*James Hardman contributed to this article while working as a summer associate at FBT. James is not a licensed attorney.
On May 31, 2023, the Internal Revenue Service (IRS), along with the Treasury Department, issued proposed regulations regarding the eligibility of solar- and wind-powered electricity generation facilities situated within or linked to low-income communities to participate in the Low-Income Communities Bonus Energy Investment Credit Program (the “Bonus Program”). The Bonus Program, established by the Inflation Reduction Act of 2022 and formally documented in the Internal Revenue Code Section 48(e), provides for an additional 10 or 20 percentage points added to the amount of investment tax credits, or ITCs, available for certain qualifying projects. These proposed rules update and define key terms originally described in IRS Notice 2023-17, published in February 2023 (a summary of which is covered in our previous article found here).
Developers and investors of qualifying renewable energy property eyeing opportunities in targeted low-income communities will find some clarity, as the proposed rules define key concepts and streamline the allocation process for the Bonus Program.
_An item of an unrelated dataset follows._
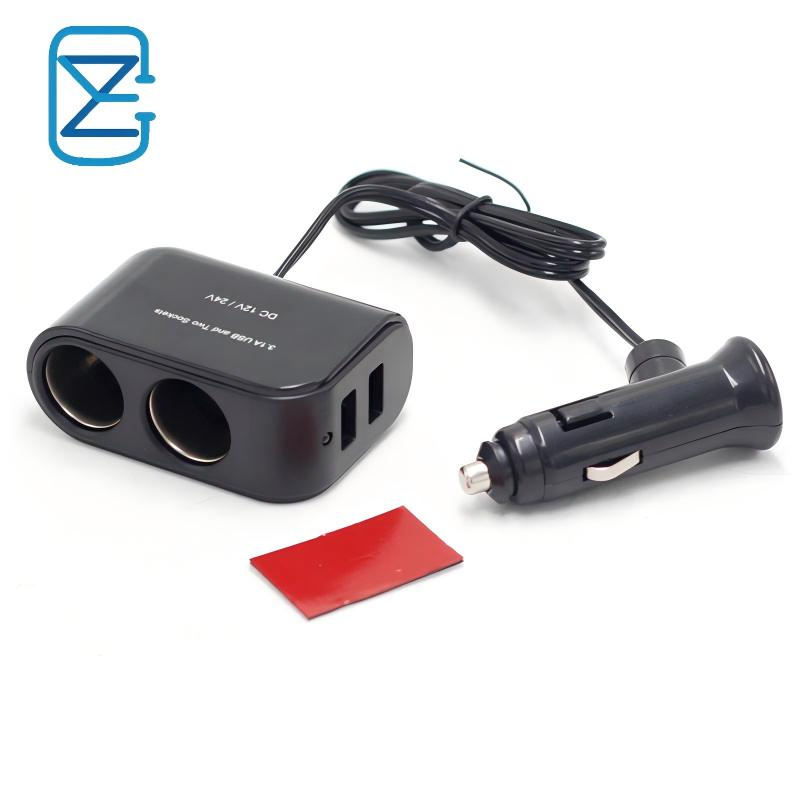 USB Auto Socket Splitter Charger Vehicle Lighter Adapter 12-24V USB Car Cigarette Lighter with LED Switch 2-Way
The proposed rules:
- Define priority selection criteria based on ownership and geographic location;
- Detail the specific documentation and attestation requirements for application and proof of placement in service of the qualified renewable energy property; and
- Outline the new disqualification and recapture rules that could lose an applicant their eligibility under the scheme and permit the government to recover the tax credit.
General Program Requirements
Facilities generating electricity from wind, solar, or small wind energy properties with a maximum net output of less than 5 megawatts (MW) of alternating current (AC) fall under four specific categories and may be eligible for an allocation through the Bonus Program. Notably, Category 3 and 4 facilities are eligible for a higher credit amount increase of 20 percentage points compared to the standard 10 percentage points. The total annual Capacity Limitation of 1.8 gigawatts is allocated for 2023 as follows:
- Category 1: low-income community facilities (700 MW);
- Category 2: facilities on Indian land (200 MW);
- Category 3: qualified low-income residential building projects (200 MW); and
- Category 4: qualified low-income economic benefit projects (700 MW).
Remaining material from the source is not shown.